Kitching A J, Walpole A R, Blogg C E
Nuffield Department of Anaethetics, Radcliffe Infirmary, Oxford.
Br J Anaesth. 1996 Jun;76(6):874-6. doi: 10.1093/bja/76.6.874.
We studied 60 children, aged 12 months to 8 yr, undergoing plastic surgery under general anaesthesia supplemented by regional anaesthesia. Patients were allocated randomly to have the laryngeal mask airway removed either on awakening or while anaesthetized. Subsequent observation of respiratory factors and oxygen saturation showed a significant difference between the groups for coughing (P < 0.001), with a greater incidence (17 of 33) in the awake group compared with those from whom the laryngeal mask airway was removed while anaesthetized (two of 27). There were no differences in the incidences of laryngospasm, desaturation (< 95%) and excess salivation between the groups.
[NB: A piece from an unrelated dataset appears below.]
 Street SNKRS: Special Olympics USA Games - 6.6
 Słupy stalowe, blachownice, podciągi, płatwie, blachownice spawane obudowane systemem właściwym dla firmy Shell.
Removed of the laryngeal mask airway during deep anaesthesia reduced coughing in the immediate postoperative period.
我们研究了60名年龄在12个月至8岁之间、接受全身麻醉并辅以区域麻醉的整形手术儿童。患者被随机分配在苏醒时或麻醉状态下拔除喉罩气道。随后对呼吸因素和血氧饱和度的观察显示,两组在咳嗽方面存在显著差异(P < 0.001),苏醒组的发生率更高(33例中有17例),而在麻醉状态下拔除喉罩气道的组(27例中有2例)发生率较低。两组在喉痉挛、血氧饱和度降低(< 95%)和唾液过多的发生率方面没有差异。在深度麻醉期间拔除喉罩气道可减少术后即刻的咳嗽。